Pour illustrer cette pression, prenons par exemple la question de l’intersectionnalité. Bien que largement acceptée dans les cercles féministes, la critique de l’inauthenticité de certaines féministes qui négligent des luttes connexes, telles que celles liées à la race ou à la classe sociale, peut devenir un outil d’exclusion. Cette pression sur l’identité féministe peut jouer un rôle de dédouanement. En effet, celles qui ne suivent pas à la lettre les nouveaux dogmes de l’intersectionnalité peuvent être acculées au silence. Se peut-il que certaines voix, essentielles pour le débat, soient étouffées juste parce qu’elles ne cochent pas toutes les cases ?

De même, la question du féminisme radical suscite de vives tensions. Les interprètes les plus militants de cette approche affirment souvent que tout compromis avec le patriarcat est inacceptable.
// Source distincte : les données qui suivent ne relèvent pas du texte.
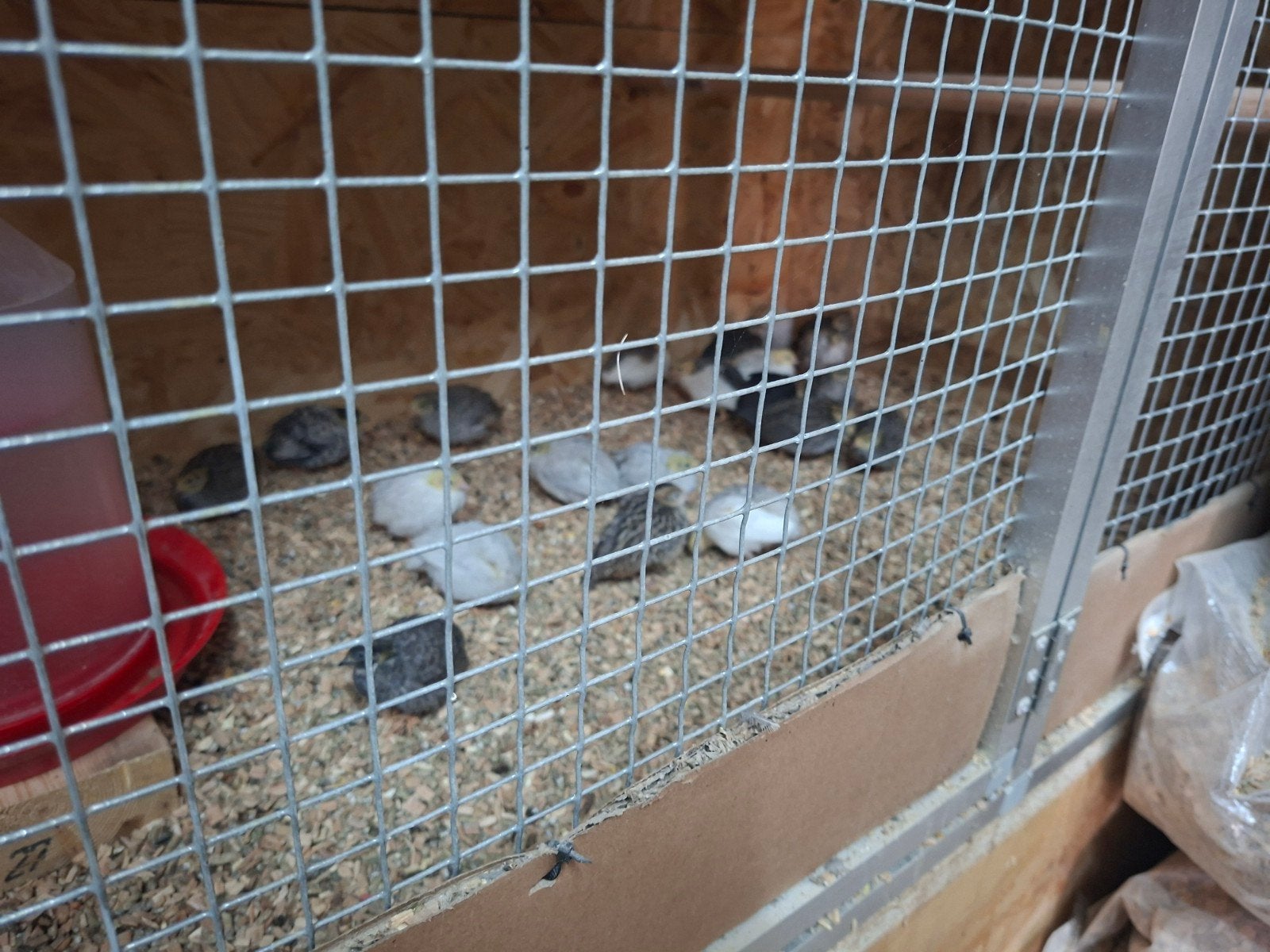 Chinese dwerg kwartels, Dieren en Toebehoren, Meerdere dieren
Mais alors, que dire de celles qui, pour des raisons variées, choisissent des stratégies de compromis ou d’incorporation du système patriarcal pour en faire évoluer les structures ? Ces choix devraient-ils être considérés comme une trahison du féminisme, ou reflètent-ils plutôt une compréhension pragmatique des réalités complexes ? Il y a là une zone grise, un véritable défi pour le féminisme contemporain, alors que les militantes se battent pour ne pas se perdre au milieu des dogmes.

La question de la pression dans le militantisme est donc plus qu’une simple introspection : elle pose un défi. Que signifie être féministe aujourd’hui ? Est-ce exiger une perfection inatteignable ou s’engager sincèrement dans un combat aux multiples facettes ? Il convient de toujours garder un regard critique sur notre propre concept de féminisme. Chaque voix, chaque récit unique doit trouver sa place dans le grand chœur du mouvement. Nous devons constamment réévaluer notre rôle, non seulement dans notre combat pour l’égalité, mais aussi dans nos interactions avec les autres.
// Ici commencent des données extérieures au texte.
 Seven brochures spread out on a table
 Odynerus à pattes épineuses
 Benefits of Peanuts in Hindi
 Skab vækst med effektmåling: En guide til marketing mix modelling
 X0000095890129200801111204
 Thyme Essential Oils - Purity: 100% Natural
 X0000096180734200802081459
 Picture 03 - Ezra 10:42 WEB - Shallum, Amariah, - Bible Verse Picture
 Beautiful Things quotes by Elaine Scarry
En fin de compte, le féminisme doit être un terrain d’échange, un carrefour d’idées et non une arène de jugement. Au lieu de dresser des frontières pour définir qui est assez féministe, pourquoi ne pas élargir les contours de notre mouvement ? Nous devons travailler ensemble à la création d’un féminisme inclusif, conscient des luttes de toutes les femmes et des différentes formes de sermonnage sur ce qu’est le combat. Ainsi, la phrase “On n’est jamais assez féministe” pourrait se transformer en un appel à l’unité, à la solidarité, à l’acceptation de nos différences. En soignant ces blessures internes, nous pourrions concentrer notre énergie sur notre véritable adversaire : le patriarcat. Au lieu de nous diviser, il est temps de faire émerger un féminisme qui ne se contente pas d’être assez, mais qui aspire à être audacieux, radical et transformateur. Feminisme, oui, mais pas au prix de notre essence.